> **Activity**:
Instruction for the entries that follow: retype exactly the lines from the line with "iPhone 16 Clear" to the line with "#outlanderpremiere", both included, and omit all others.

> **Data shown**:

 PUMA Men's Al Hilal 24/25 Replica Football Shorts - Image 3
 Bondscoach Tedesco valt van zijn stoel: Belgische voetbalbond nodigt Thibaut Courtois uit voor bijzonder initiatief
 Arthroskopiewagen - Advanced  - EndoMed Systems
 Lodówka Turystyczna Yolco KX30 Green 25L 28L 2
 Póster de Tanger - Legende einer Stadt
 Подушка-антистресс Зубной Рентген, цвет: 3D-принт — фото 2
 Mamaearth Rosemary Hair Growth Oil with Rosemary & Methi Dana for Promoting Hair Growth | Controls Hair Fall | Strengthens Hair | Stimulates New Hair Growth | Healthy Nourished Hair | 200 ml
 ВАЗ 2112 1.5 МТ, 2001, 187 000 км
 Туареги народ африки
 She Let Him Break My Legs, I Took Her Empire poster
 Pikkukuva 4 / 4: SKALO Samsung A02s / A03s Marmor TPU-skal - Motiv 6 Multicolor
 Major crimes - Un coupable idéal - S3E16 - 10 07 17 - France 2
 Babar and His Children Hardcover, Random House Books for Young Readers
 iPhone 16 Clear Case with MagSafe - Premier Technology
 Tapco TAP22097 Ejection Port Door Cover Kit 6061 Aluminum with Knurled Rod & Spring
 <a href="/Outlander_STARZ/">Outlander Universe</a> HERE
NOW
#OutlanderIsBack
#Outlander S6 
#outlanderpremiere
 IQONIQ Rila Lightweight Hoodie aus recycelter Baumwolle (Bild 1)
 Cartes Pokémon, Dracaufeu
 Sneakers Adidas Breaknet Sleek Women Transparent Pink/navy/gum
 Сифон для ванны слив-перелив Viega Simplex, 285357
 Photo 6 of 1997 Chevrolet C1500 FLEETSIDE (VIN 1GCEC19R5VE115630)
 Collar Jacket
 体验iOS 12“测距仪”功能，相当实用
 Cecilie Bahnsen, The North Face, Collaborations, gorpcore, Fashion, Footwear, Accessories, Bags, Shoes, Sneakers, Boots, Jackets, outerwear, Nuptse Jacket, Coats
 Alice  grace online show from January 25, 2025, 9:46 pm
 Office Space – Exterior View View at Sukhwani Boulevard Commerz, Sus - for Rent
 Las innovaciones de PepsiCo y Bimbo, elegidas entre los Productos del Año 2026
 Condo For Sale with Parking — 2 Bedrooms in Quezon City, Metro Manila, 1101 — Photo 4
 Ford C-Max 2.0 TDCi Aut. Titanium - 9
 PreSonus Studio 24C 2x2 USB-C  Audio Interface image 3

> **Output of the task**:
 iPhone 16 Clear Case with MagSafe - Premier Technology
 Tapco TAP22097 Ejection Port Door Cover Kit 6061 Aluminum with Knurled Rod & Spring
 <a href="/Outlander_STARZ/">Outlander Universe</a> HERE
NOW
#OutlanderIsBack
#Outlander S6 
#outlanderpremiere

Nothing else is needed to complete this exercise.